The second source is famous British test pilot, Eric Brown who, when he was 17, was taken by his father to see the Berlin Olympics. He told the BBC in 1970 that he saw Hitler shake hands with Owens behind the honor stand, out of public view. Since Brown went on to be a highly decorated and respected Royal Navy pilot, many people have taken this as confirmation (from an honest source) of Siegfried Mischner’s story about Owens and photograph with Hitler. Further, The Baltimore Sun reported in 1936 that Hitler gave Owens a framed photograph of himself.
Buzzkill Institute researchers do not find these somewhat indirect pieces of evidence as convincing enough to verify the handshake account.
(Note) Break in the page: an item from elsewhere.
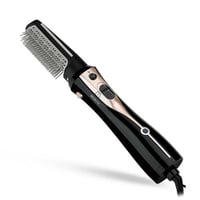 مصفف شعر 1200W - 1ACC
But they certainly make the overall story less cut and dried than is usually portrayed.
Owens repeatedly tried to convince people back in the United States that the Hitler snub never took place, but the newsreels and other reports had already planted that “fact” in people’s minds. Given that Hitler was almost universally considered evil, it was hard for even Owens himself to correct the myth. He started almost immediately after he got back. In at least one speech after he returned, Owens said, “Hitler did not snub me — it was our president who snubbed me. The president didn’t even send me a telegram.”
This brings me to one of the most troubling aspects of this story, and one that is often over-looked — the way Jesse Owens was treated back in his own country (the one that he represented so brilliantly) after the Olympics. A ticker-tape parade was held for him in Manhattan in his honor, but when he went to his hotel that evening, he had to enter through a side door and ride up to his room in a freight elevator. The hotel didn’t allow African-Americans to use the front door or the guest elevators. This, unfortunately, was the status quo for African-Americans in the United States.
That would have been bad enough, but when compared to the way he had been treated on a daily basis in Germany, it’s especially shameful. Hitler, Himmler, and Speer tried to claim that athletes of African descent were closer to animals than whites, and had an unfair advantage in an open Olympic games. This was undeniably reprehensible. The Nazi regime was viciously racist, and we all know the depravity and evil of the Holocaust. So I want to stress to all of you that we are in no way comparing the morality of Hitler’s Germany with the morality of the United States, even during the height of the Jim Crow era, with all its lynchings and discrimination.
But while in Germany in 1936, Owens stayed in the same hotels as white athletes, lived in the Olympic Village under no restrictions, and dined in the same restaurants as his white team-mates. Indeed, he was often cheered and praised while traveling between the Olympic Village and the Olympic stadium. Other American athletes reported that Owens was greeted by throngs of German fans, chanting his name, and some even snipping off pieces of his clothing with scissors.
The myth of the Hitler snub aside, it’s very clear from the way Owens was treated on a general basis during his stay in Germany that there were enough Germans who did not believe fully in Nazi ideology. In 1936, Owens and his black teammates did not suffer the daily indignities that he, and all African-Americans, endured in the United States at that time.